Рэйн смеется, и наконец-то улыбка достигает ее глаз.

— Тебе было больно?

— Как суке.

Вода с одежды, лежащей на полу, стекает к моим босым ногам, пока глаза Рэйн пожирают истории, запечатленные на моей коже. Я хотел использовать свое тело, чтобы поиздеваться над ней и подразнить, но вместо этого она читает меня, как открытую книгу.

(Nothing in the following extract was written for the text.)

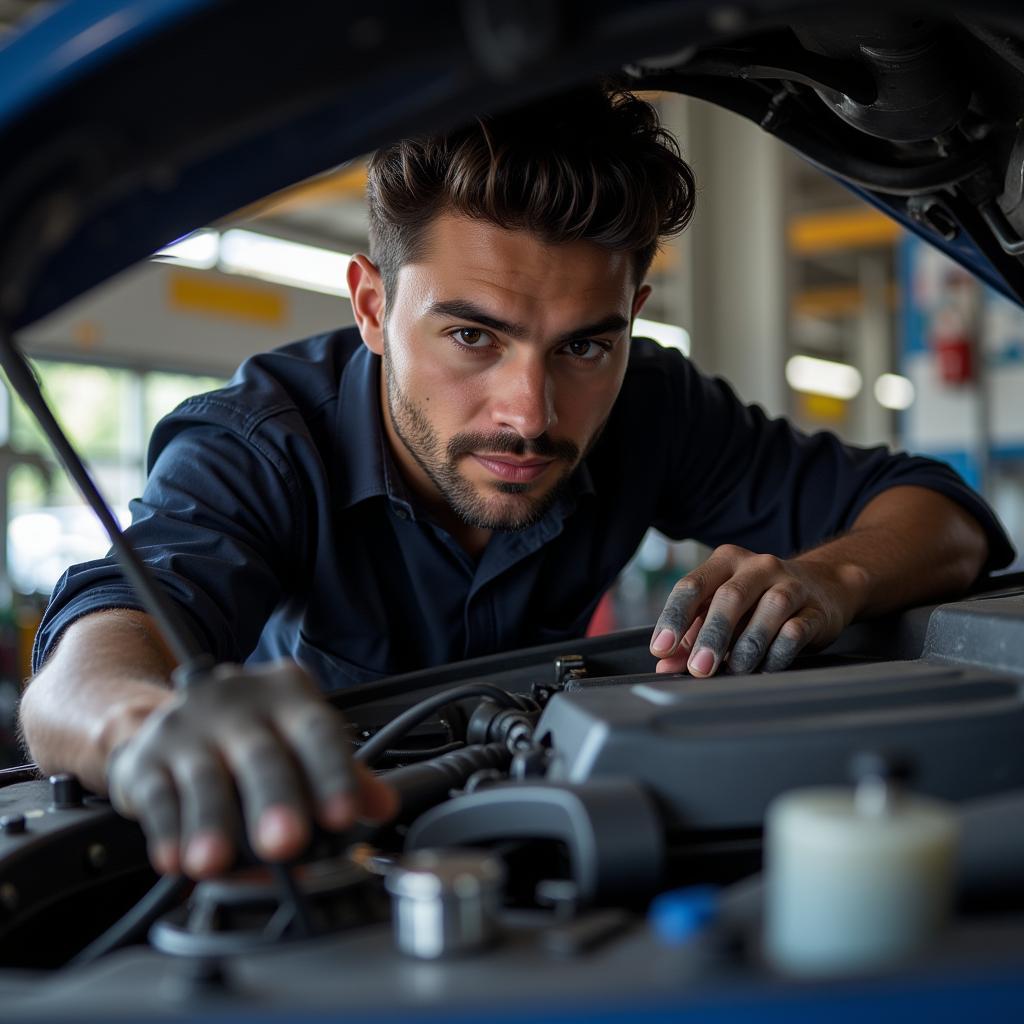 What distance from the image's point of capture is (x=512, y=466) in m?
1.36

Когда ее взгляд скользит к татуировке, на которой изображен увядающий цветок лилии, я понимаю, что никогда не чувствовал себя более уязвимым.

— А здесь больно? — Она дотрагивается до него кончиком своего холодного пальца и проводит им вниз по стеблю, набитом на моем боку.

— Да. — Я сглатываю. — Каждый гребаный день моей жизни.

Ее брови сходятся вместе, когда она осматривает мою кожу на наличие каких-либо шрамов или отметин. Нежные пальчики скользят по опущенным розовым лепесткам, по одному на каждый месяц ее короткой жизни.

— Лили была моей сестрой. — Я даже не знаю, зачем ей это говорю. Может быть, для того, чтобы она, бл*дь, перестала меня так трогать.

Рэйн поднимает голову, но пальцы не убирает. Вместо этого она прислоняет ладонь к рисунку, закрывая его словно бандаж.

— Мне очень жаль. — В ее больших голубых глазах читается неподдельная искренность, а в голосе слышится боль. И я понимаю, что она не просто мне сочувствует. Она мне соболезнует.

Микроволновая печь снова издает сигнал о готовности, и я не могу быть более благодарным за то, что нас прервали.